Number of training images: 12
Number of testing images: 12


In [None]:
from tensorflow.keras.preprocessing.image import ImageDataGenerator
# Define a custom preprocessing function to ensure uniform image sizes and shapes
def make_square_and_resize(image):
    """Pad an image to make it square and resize it to (224, 224)."""
    target_size = (224, 224)
    height, width = image.shape[:2]
    delta_w = max(height - width, 0)
    delta_h = max(width - height, 0)
    top, bottom = delta_h // 2, delta_h - (delta_h // 2)
    left, right = delta_w // 2, delta_w - (delta_w // 2)
    color = [255, 255, 255]  # white background for padding
    new_img = cv2.copyMakeBorder(image, top, bottom, left, right, cv2.BORDER_CONSTANT, value=color)
    new_img = cv2.resize(new_img, target_size)
    return new_img

# Prepare image data generators with real-time augmentation and custom preprocessing
train_datagen = ImageDataGenerator(
    rescale=1./255,
    rotation_range=20,
    width_shift_range=0.2,
    height_shift_range=0.2,
    shear_range=0.2,
    zoom_range=0.2,
    horizontal_flip=True,
    fill_mode='nearest',
    preprocessing_function=make_square_and_resize
)
test_datagen = ImageDataGenerator(rescale=1./255, preprocessing_function=make_square_and_resize)

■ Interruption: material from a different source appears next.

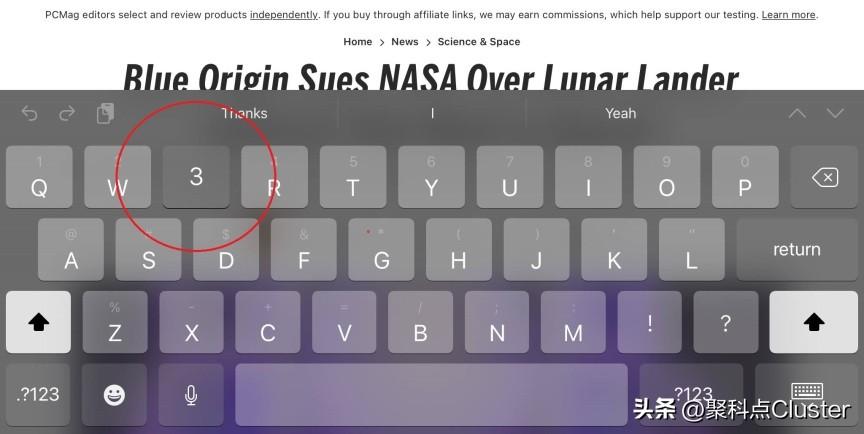 史上最详细的iPad使用技巧，超级实用！-ipad基本使用方法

# Load images from directories and prepare them for training and validation
train_generator = train_datagen.flow_from_directory(train_dir, target_size=(224, 224), batch_size=32, class_mode='categorical')
test_generator = test_datagen.flow_from_directory(test_dir, target_size=(224, 224), batch_size=32, class_mode='categorical')



Found 12 images belonging to 3 classes.
Found 12 images belonging to 3 classes.